Барков один, но в нескольким лицах. Он и филолог, публикатор (именно Баркову было доверено первое издание сатир Кантемира, осуществленное в 1762 году, а увольнение прервало его работу над подготовкой к печати «Повести временных лет»), он же и переводчик, академический переводчик, создавший русскую версию басен Федра и сатир Горация; наконец, Барков — это «Барков», то есть поэт-порнограф, имеющий всероссийскую известность.
Нужно заметить, что «Барков» — имя собирательное, что сочинения, имеющие хождение под этим именем, написаны большей частью в XIX веке, и вот наш Барков, Иван Семенович, их не писал. Он умер в 1768 году, во времена еще патриархальные, простодушные; всего шесть лет прошло после появления указа о вольности дворянства — и особенной изощренности в этом вопросе достигнуто не было. Не успели.
Барков писал пародии — на Сумарокова, в первую очередь, — и излюбленный его прием заключался в следующем. Сочинялась элегия (идиллия, ода), отвечавшая самым строгим требованиям тогдашних образованности и вкуса, но в которой на месте лирического героя выступала, скажем так, определенная его часть. И когда какая-нибудь такая часть, специфически мужская, начинала жаловаться на разлуку, а часть женская заводила в ответ: «Не грусти, мой свет, мне грустно и самой,// Что давно я не видалася с тобой», — ну, современники очень веселились.
Пародирование серьезных литературных жанров, их перелицовка — это то, что всегда происходит в литературе, достигшей известной степени зрелости; успех пародии свидетельствует о прочности той литературной системы, внутри которой пародия поселилась.

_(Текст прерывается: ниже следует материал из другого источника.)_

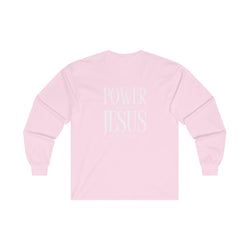 Collection of Power in the Name of Jesus Unisex Long Sleeve Tee - Faith-Based Spiritual Apparel in a gallery layout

Пародия смешит до тех пор, пока в читательском восприятии жив ее «второй план», и сегодня подлинный Барков никому не интересен, поскольку сегодняшнему интеллигенту, воспитанному на Высоцком и Макаревиче, неизвестны трагедии «Семира», «Тамира и Селим», классическая ода ломоносовского стиля, сумароковская элегия… Современный интеллигент недостаточно образован для того, чтобы понимать Баркова.
А виноват ли Барков в том, что его имя, в котором есть все же что-то симпатичное для русского слуха, черт использовал для циклизации чужих порнографических сочинений?
Наверное, виноват. Благодаря этому имени жидкая грязь получила привлекательную фабричную обертку, а главное — появился прецедент, дающий возможность пакостить открыто и безнаказанно, со ссылкой на академическую традицию… Порнография, когда это всерьез, одно из самых тяжелых и нудных занятий на свете; Барков, который в жизни был человеком веселым и легким, бессребреником, симпатичным неудачником, после смерти оказался запряжен во вражью работу и послужил началам, по видимости противоположным основным чертам своей натуры. Бывает и такое. «На грех мастера нет».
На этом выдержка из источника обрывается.